Kyle Dugger Safety Lenoir-Rhyne

2020 NFL Draft: D-II safety Kyle Dugger has obvious NFL upside

by Dan Schmelzer2 months ago Follow @DSchmelzerFS

Kyle Dugger is a talented Divison-II safety who fits the modern NFL well. He is undoubtedly a 2020 NFL draft prospect to keep an eye on.

As per usual, the 2020 NFL Draft will primarily showcase players from major college football schools. Teams like Alabama, LSU and Ohio State will undoubtedly have many first-round players who will come in and make an impact at the next level. However, today we are going to take a look at a prospect from a little-know Division-II program in North Carolina.

Lenoir-Rhyne is not exactly known for putting players into the NFL. In fact, only seven players from the university have ever been drafted to the NFL, with the latest being in 2000 when the San Francisco 49ers took defensive end John Milm in the fifth round. Milm is also the highest-ever NFL draft selection from Lenoir-Rhyne. However, that could change in the 2020 NFL Draft, as safety Kyle Dugger is going be on the radar of many NFL teams.

Dugger is listed at 6-foot-2, 220 pounds and has tremendous natural speed and athleticism for a man of his size. He absolutely dominates his level of college competition, using his ridiculous combination of size, speed and quickness to make plays all over the field.

Dugger changes directions quickly and starts and stops on a dime. He gets downhill quickly and does a fantastic job of knifing through traffic in order to make plays against the run. His overall coverage skills are a bit raw, but Dugger’s raw athleticism more than makes up for it at his current level.

While he is probably too big to play safety at the next level, Dugger may be the perfect off-ball linebacker for the modern NFL. NFL linebackers simply do not need to be as big and bulky as in the past. It is much more important for them to be able to defend with speed and quickness from sideline-to-sideline and make plays in coverage.
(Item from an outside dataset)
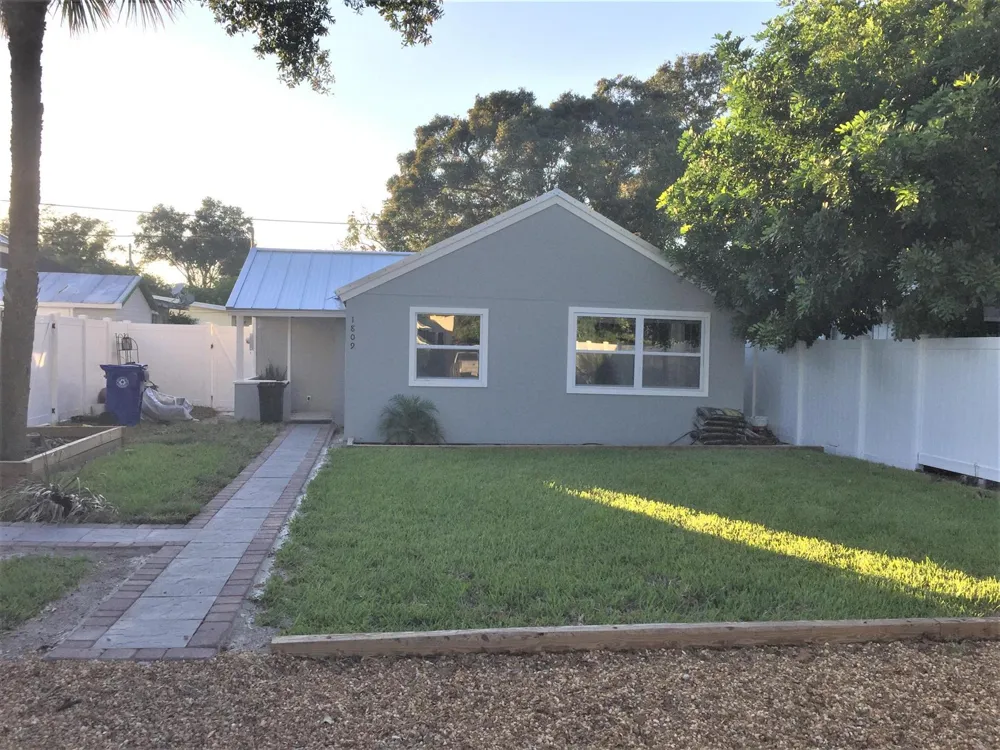 1809 21ST AVENUE Vero Beach, FL 32960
Dugger undoubtedly has the speed and quickness needed to play linebacker at the next level and plays with a level of physicality that should allow for a smooth transition. You do not have to look hard to see Dugger as a potential star off-ball linebacker at the next level.

Luckily, we will be able to see Dugger against top-level competition prior to the 2020 NFL Draft. He has already accepted an invite to the Senior Bowl where he will have an opportunity to take his draft stock to the next level.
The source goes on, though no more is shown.